0:00

Welcome back.

Let's now turn to the second example explored in class this week,

namely the HR example.

As a quick reminder, our goal is to understand what distinguishes

employees who stay in the company, and those who leave the company.

To do so we're going to explore a data set very similar to the one we

had in module two.

However, this time, we've added more employees, and more importantly, we've

added an outcome variable which tells us if the employee indeed left or not.

All right, let's turn to and analyze our data set.

Once you've set your directory to the folder where you have downloaded the HR

data set, you run this line to clean up the current memory of your R station.

We then load our data set with the read.table function and call it data.

Now let's have a look at our variables with the str function and

see some similar statistics with the summary function.

The str function shows us that we have 12,000 observations in this data set,

and seven variables.

First, we have the satisfaction, then LPE,

which stands for last project evaluation, then NP,

which is the number of projects worked on by the employee in the last 12 months.

Then the ANH, which is the average numbers of hours worked

weekly by the employee over the last 12 months.

Then the TIC variable which is the time spent in the company.

And then the newborn variable which tells us whether or

not the employee had a newborn within the last 12 month, and

finally, our outcome variable which is called left.

Which will take the value one if the employee indeed left and zero otherwise.

To have a better understanding of our data sets, we run the summary function.

1:45

We see that nearly 17% of our employees have left the company.

We can also see that 15.4% of the employees

had a newborn within the last 12 month and also that, on average,

employees have been in the company for 3.2 years.

Remember that using the summary function and

looking at its output allows you to get more familiar with you data set.

You can often find out a lot of information with the summary function,

which will save you a lot of time and drive your research.

Another thing we could do in order to get familiar with our data sets is to use

the table function in order to obtain the frequencies of the left variable.

Here we see that 10,000 observations are employees who stayed in the company.

While 2000 of them are employees who left.

If we wanted to have the same information but in percentages, we would need to

divided by the end row function on our data set, which counts the number of rows.

Let's run the line, and now we can see that we obtained the same

2:52

point 16.666% that we obtained with the summary function.

Alternatively, we could also plot a histogram with the hist function

on the left variable and we would see the same information, but visually.

Now that we're more comfortable with our data set, let's turn back to our focus for

this tutorial, which is to try to understand

what is different between employees who leave the company and those who stay.

We can check out the correlation between our variables.

As we said in the previous video,

we call the core function on our data set and run it.

As a quick reminder, correlation only gives us information about the strength

and the direction of the linear relationship between two variables.

3:33

If we look at the correlation of all our variables with their left variable.

We see that satisfaction is negatively correlated with it.

TIC is very moderately positively correlated with it.

While a newborn is fairly weakly negatively correlated with it.

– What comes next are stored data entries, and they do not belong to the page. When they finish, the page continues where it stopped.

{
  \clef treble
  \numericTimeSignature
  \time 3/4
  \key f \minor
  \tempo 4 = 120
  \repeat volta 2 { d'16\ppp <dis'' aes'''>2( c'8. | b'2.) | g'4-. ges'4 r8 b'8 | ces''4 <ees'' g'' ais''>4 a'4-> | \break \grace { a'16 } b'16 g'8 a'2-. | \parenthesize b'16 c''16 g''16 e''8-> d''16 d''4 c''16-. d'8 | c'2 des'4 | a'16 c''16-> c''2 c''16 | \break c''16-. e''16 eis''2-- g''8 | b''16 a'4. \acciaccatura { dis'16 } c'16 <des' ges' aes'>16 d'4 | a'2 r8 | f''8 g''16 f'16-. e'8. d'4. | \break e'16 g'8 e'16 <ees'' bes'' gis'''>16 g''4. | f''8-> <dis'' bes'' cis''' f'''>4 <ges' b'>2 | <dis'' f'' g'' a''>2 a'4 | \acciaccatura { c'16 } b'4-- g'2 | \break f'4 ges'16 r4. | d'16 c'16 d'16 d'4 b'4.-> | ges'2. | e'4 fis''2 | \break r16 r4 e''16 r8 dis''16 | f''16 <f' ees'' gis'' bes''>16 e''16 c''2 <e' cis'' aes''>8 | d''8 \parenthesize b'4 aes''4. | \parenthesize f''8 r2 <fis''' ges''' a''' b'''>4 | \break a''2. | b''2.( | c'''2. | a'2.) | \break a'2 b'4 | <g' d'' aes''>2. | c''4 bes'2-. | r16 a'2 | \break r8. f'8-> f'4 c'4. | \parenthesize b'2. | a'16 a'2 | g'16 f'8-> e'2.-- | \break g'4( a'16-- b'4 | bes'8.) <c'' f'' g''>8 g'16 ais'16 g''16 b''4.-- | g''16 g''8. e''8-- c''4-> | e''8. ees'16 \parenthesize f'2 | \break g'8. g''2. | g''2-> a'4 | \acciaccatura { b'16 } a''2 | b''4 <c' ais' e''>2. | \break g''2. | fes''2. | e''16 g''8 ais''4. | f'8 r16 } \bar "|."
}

Now, this does not tell us much, because we're looking at the relationship

between the left variable and all the others, but separately.

What we want is to understand how they interact with each other.

For instance, here, the correlation between the employee leaving the firm and

the numbers of projects worked on is very,

very weakly positive looking at correlation only.

However you saw in class that all else equal the number of projects

worked on actually has a significant negative relation to attrition.

Looking only at correlation, this is something we would have missed.

Which is why we need to add another tool to our current toolkit and

learn how to build a logistic regression model in R.

To build a logistic regression model in R, we use the glm function.

Our first argument is the outcome variable, for us it's left.

You then insert a tilde followed by the variables you want

to use to build your model.

In our case, we'll use all the other variables, so we type a dot.

We then set the family argument equal to binomial (logit) and

then the data argument equal to our dataset, which is data.

Let's run the line.

First, let's note that our fitted values are the output of the model

on the in sample data.

In the case of a logistic regression model, the output is a probability.

Let's see the proportion of employees' attrition according to the model

by building a histogram of the fitted values.

To do so we use the hist function that we already know and the fitted values.

The frequency is on the vertical axis while the fitted values,

which are probabilities, are on the horizontal axis.

Now let's assess how the model is performing.

We can start by assessing the correlation between the estimated attrition by

the model and the actual one by 0.41,

that's a linear relationship between the two that is positively shown.

That's a pretty good sign.

Now, since the output of a logistic regression is a probability,

that is a continuous variable that can take any value between zero and one.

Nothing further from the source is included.